Websites managing thousands of seasonal references (fashion, toys, electronics) face different issues than niche sites with 50 stable products. The business context dictates the technical strategy, not a blind universal rule.

What does an effective customized 404 page look like to Google?

Google expects a page that properly returns the HTTP 404 code server-side, while also offering a rich user experience browser-side. Too many sites visually show an error but return a 200 code (soft 404), which blocks the de-indexing process.

The page should offer contextually relevant links: products in the same category, comparable alternatives, or even an integrated search. The goal is twofold: to help the lost user AND to reduce the bounce rate that could penalize engagement signals on the site.

  • Real HTTP 404 code returned server-side, checkable via developer tools or a cURL test
  • Useful content on the error page: links to categories, similar products, internal search engine
  • Clear distinction between permanent deletion and temporary stock-out in your stock management strategy
  • Regular monitoring of 404s through Search Console to detect anomalies or broken external links
  • Avoid automatic redirects to the homepage that dilute the signal and frustrate the user

SEO Expert opinion

Is this statement consistent with real-world observations?

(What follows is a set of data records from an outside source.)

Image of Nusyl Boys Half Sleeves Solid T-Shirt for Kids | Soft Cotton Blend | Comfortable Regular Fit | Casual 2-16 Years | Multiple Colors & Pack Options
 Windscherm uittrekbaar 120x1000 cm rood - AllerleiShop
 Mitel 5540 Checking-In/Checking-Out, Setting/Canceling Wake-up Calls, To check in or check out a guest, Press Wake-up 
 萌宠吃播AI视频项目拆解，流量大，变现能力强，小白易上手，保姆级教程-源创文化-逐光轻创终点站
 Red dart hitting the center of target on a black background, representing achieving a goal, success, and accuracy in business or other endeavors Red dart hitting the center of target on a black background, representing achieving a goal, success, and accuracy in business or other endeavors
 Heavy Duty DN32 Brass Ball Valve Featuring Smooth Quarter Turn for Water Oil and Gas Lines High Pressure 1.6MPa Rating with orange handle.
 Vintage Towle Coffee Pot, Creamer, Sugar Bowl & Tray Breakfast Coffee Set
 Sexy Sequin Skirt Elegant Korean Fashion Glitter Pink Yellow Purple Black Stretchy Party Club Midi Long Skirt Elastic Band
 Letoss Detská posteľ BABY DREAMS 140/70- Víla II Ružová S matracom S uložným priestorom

Yes, overall. E-commerce sites applying this logic do indeed see deleted product URLs exit the index more quickly, often within 2-4 weeks depending on crawl frequency. However, Mueller remains silent on a critical point: the transfer of SEO juice.

When a product disappears but had quality backlinks or a good ranking history, pure 404 means losing that capital. Some practitioners see better results by redirecting to a specific equivalent product (not a generic category), especially if the original URL had significant authority. [To verify]: Google has never provided numerical data on the loss of PageRank in this specific scenario.

What nuances should be considered based on the type of catalog?

The recommendation works well for fast-turnover catalogs with low individual SEO value (fast-fashion textiles, consumables). It becomes questionable for long-cycle products with heavy SEO investment: high-end appliances, B2B industrial, technical niches.

In these cases, each product sheet may have generated rich content, detailed reviews, and themed backlinks. Destroying this value with a harsh 404 can sometimes be a strategic error. A 301 redirect to the exact successor model, along with migration of reviews and enriched content, may prove more profitable. The decision depends on the ROI of each URL, not on a mechanical rule.

In what cases does this rule clearly not apply?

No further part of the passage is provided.